In one of the early classics of software engineering, Systemantics, John Gall wrote: “A complex system that works is invariably found to have evolved from a simple system that worked. The inverse proposition also appears to be true. A complex system designed from scratch never works and cannot be made to work. You have to start over beginning with a working simple system.”[14]
Again, the Internet is a case in point. In the 1980s, an international standards committee got together to define the future of computer networking. The Open Systems Interconnect (OSI) model was comprehensive and complete, and one of the industry pundits of the day wrote, in 1986:[15]
Over the long haul, most vendors are going to migrate from TCP/IP to support Layer 4, the transport layer of the OSI model. For the short term, however, TCP/IP provides organizations with enough functionality to protect their existing equipment investment and over the long term, TCP/IP promises to allow for easy migration to OSI.
Au contraire. It was the profoundly simple protocols of the Internet that grew richer and more complex, while the OSI protocol stack became relegated to the status of an academic reference model used to describe network architecture.
Meanwhile, over on the TCP/IP standardization side, there was this wonderful, naive, glorious statement by Jon Postel in RFC 761:[16] “TCP implementation should follow a general principle of robustness. Be conservative in what you do. Be liberal in what you accept from others.” It sounds like something out of the Bible, the Golden Rule as applied to computers. What a fabulous statement of philosophy! “We’re not going to specify all of the details of how you interoperate; we’re just going to say, ‘Please do it.’”
Twitter is another good example of a fundamentally simple system. Jack Dorsey’s original design sketch fit on a few lines of paper (see Figure 2-2). Much has grown from that sketch. There are now thousands of Twitter applications, precisely because the core Twitter service does so little. By thinking simple, Twitter allowed its users and an ecosystem of application developers to evolve new features and functionality. This is the essence of generativity.
Of course, in a government context when you say “build a simple system; let it evolve,” that sounds like a real challenge. But let’s remember that TCP/IP was a government-funded project. It can be done. The first step is getting a philosophy of simplicity into your work, understanding that designing foundations that others can build on is an important part of platform thinking.
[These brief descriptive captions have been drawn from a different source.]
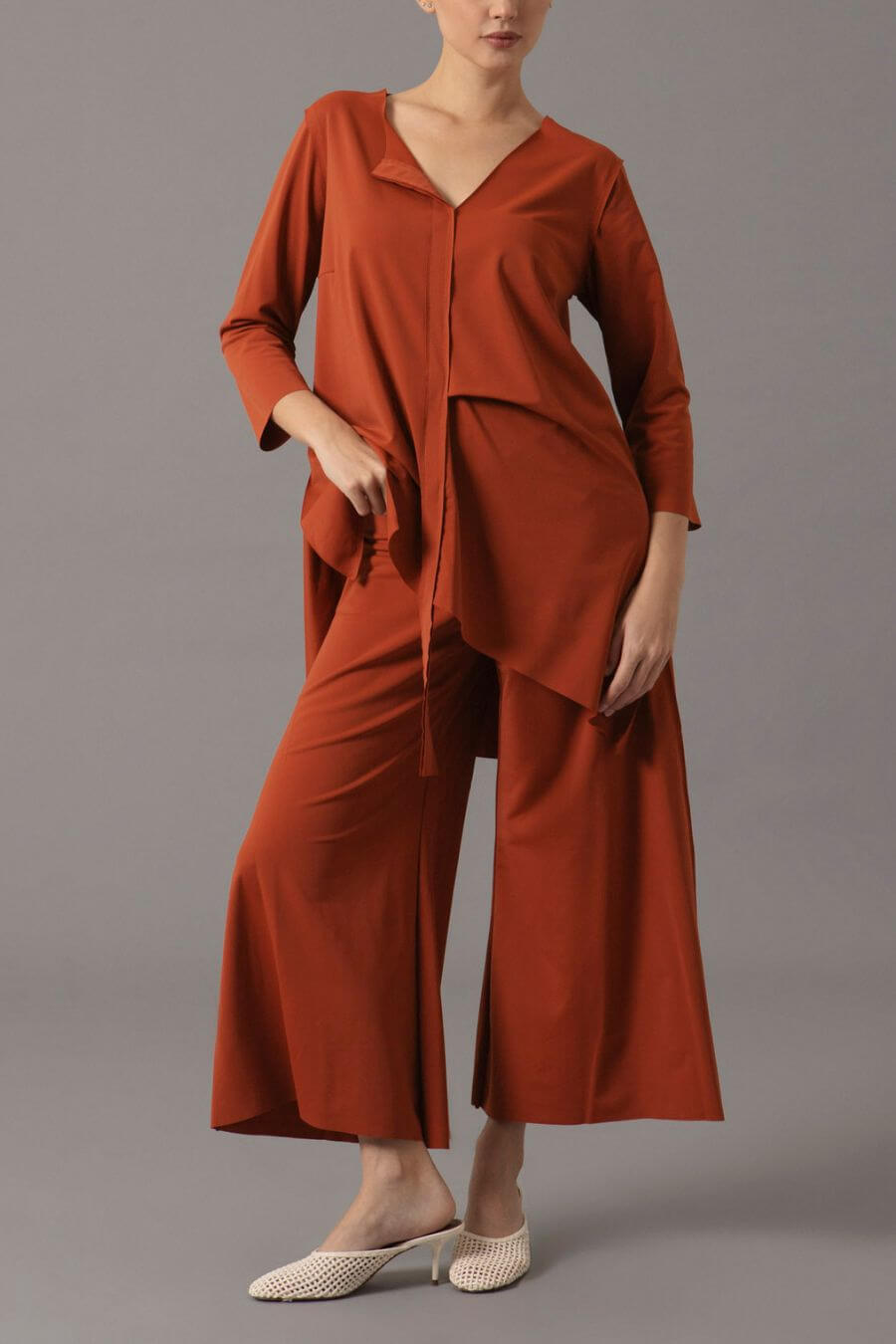 SET CAMISA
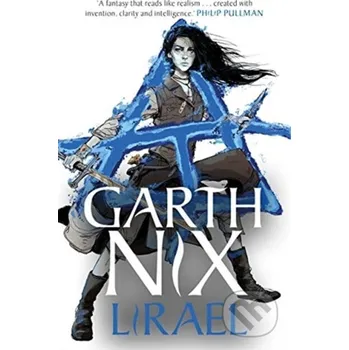 Lirael: The Old Kingdom 3 - Garth Nix Hot Key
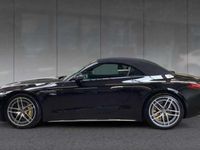 Usado Mercedes SLC43 AMG AMG 381 CV (280 kW) 2022 Negro Coupe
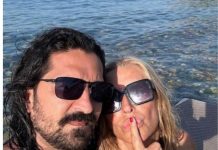 VERICA I VELJKO SE OPUSTILI NA MORU! Objavili INTIMNU FOTKU – ON LEŽI, A ONA U MU PORED NOGE…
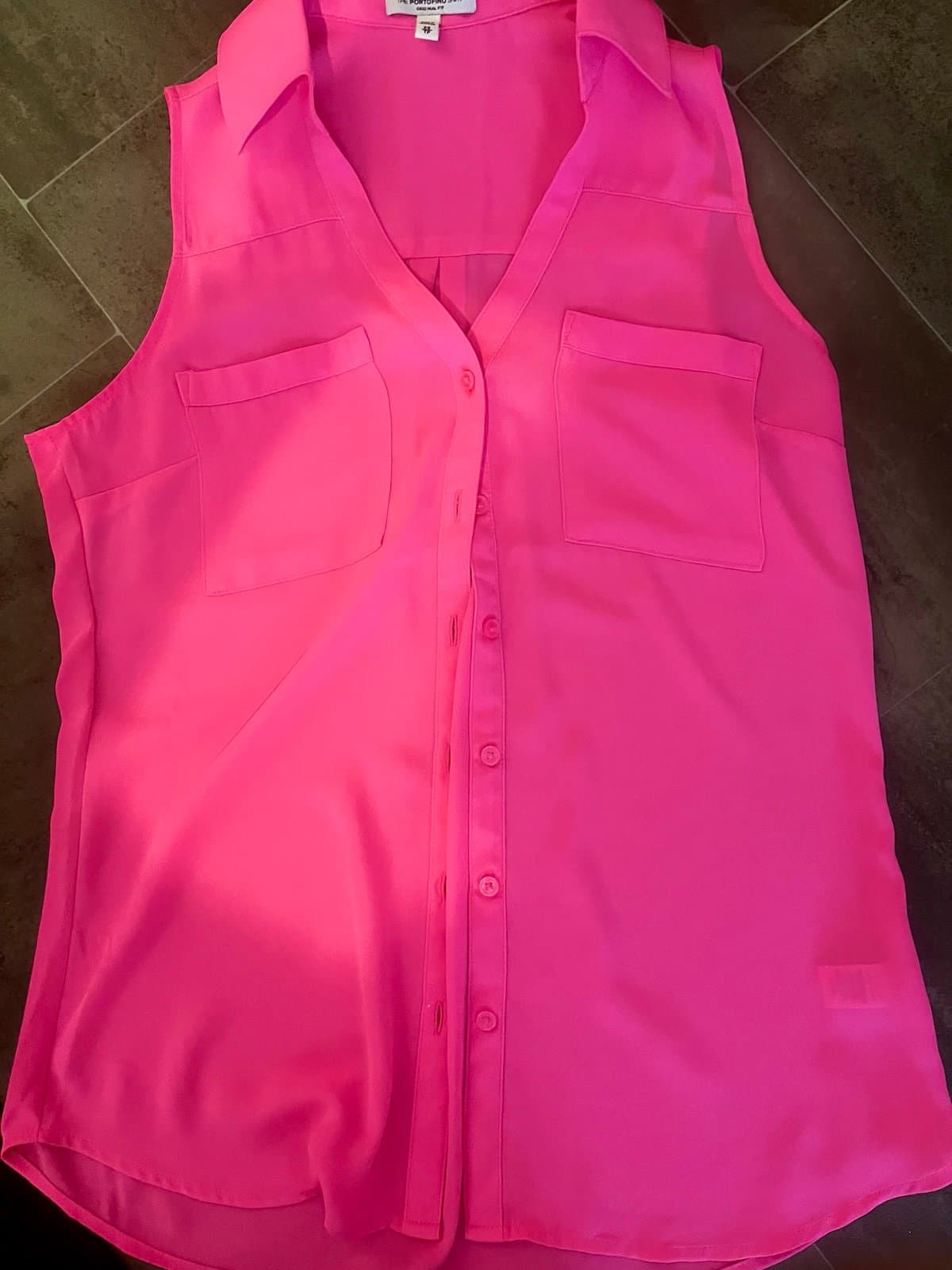 Express Tank Size XS - Thumbnail 4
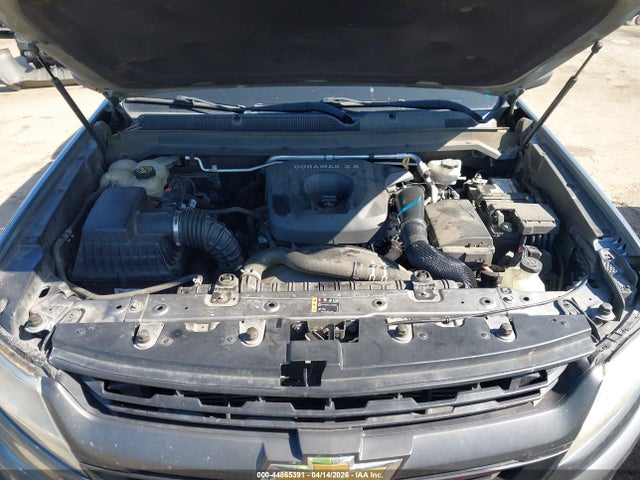 2018 CHEVROLET COLORADO 1GCPTDE11J1243892 Photo 9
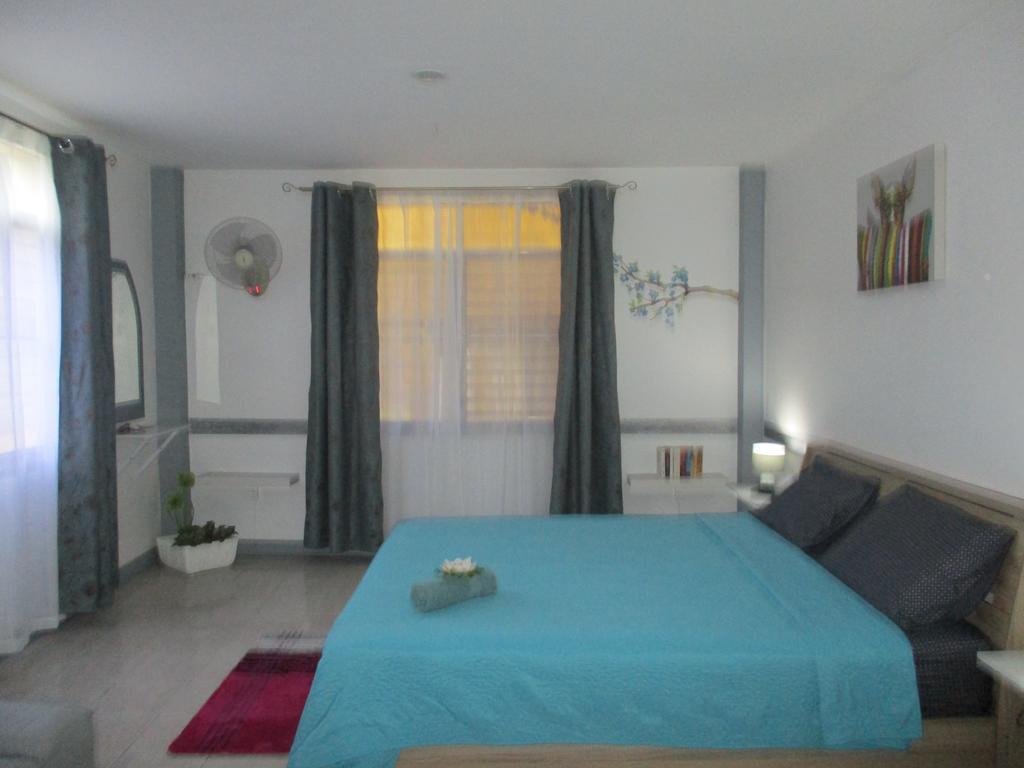 Similan Hotel Банг Тао Бийч Екстериор снимка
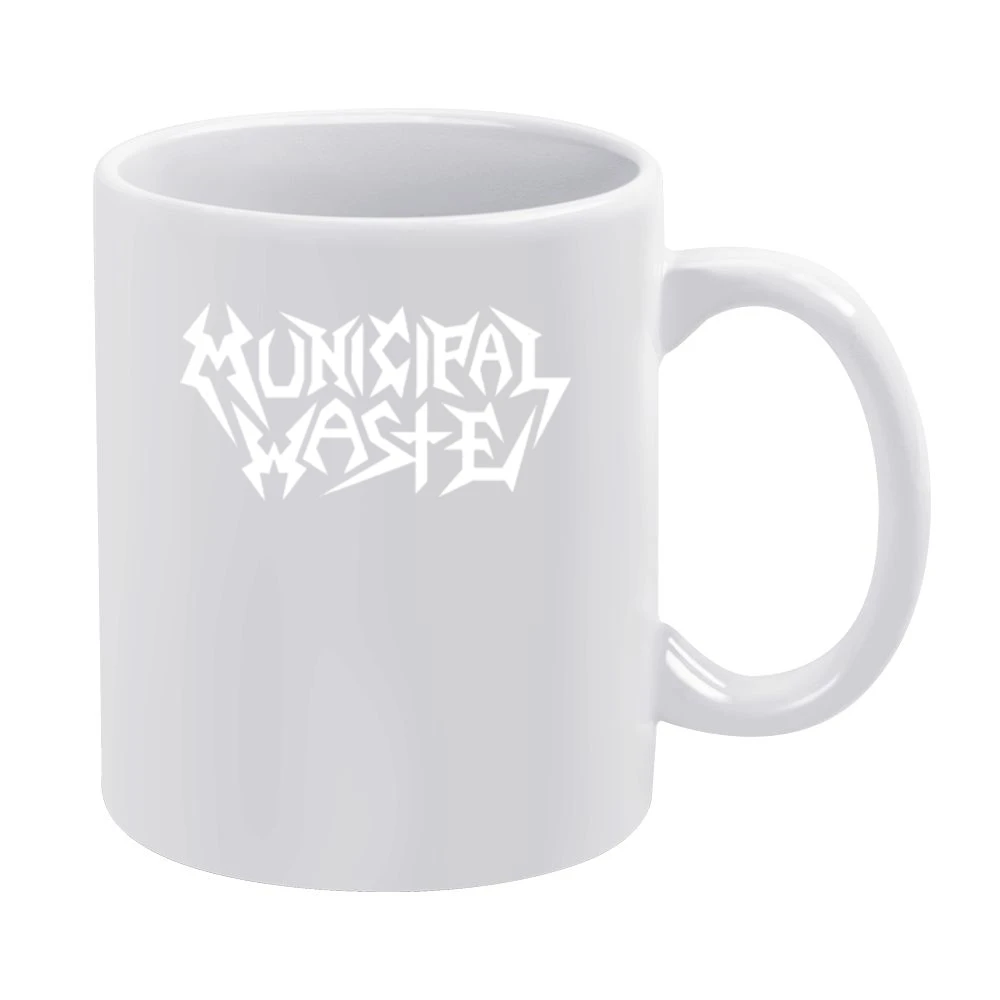 Municipal waste White Mug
It’s about creating the starting point, something that others can reuse and extend.
Designing simple systems is one of the great challenges of Government 2.0. It means the end of grand, feature-filled programs, and their replacement by minimal services extensible by others.
This quest for simplicity is one of the drivers behind Federal CIO Vivek Kundra’s emphasis on Data.gov, a collection of APIs to government data. Kundra realizes that rather than having the government itself build out all of the websites and applications that use that data, providing application programming interfaces to the private sector will allow independent developers to come up with new uses for government data.
The rationale for Data.gov was laid out convincingly by David G. Robinson et al. in “Government Data and the Invisible Hand” (see Chapter 6 for an updated take on this), and the emphasis below is mine:[17]
In the current Presidential cycle, all three candidates have indicated that they think the federal government could make better use of the Internet…. But the situation to which these candidates are responding—the wide gap between the exciting uses of Internet technology by private parties, on the one hand, and the government’s lagging technical infrastructure on the other—is not new. The federal government has shown itself consistently unable to keep pace with the fast-evolving power of the Internet.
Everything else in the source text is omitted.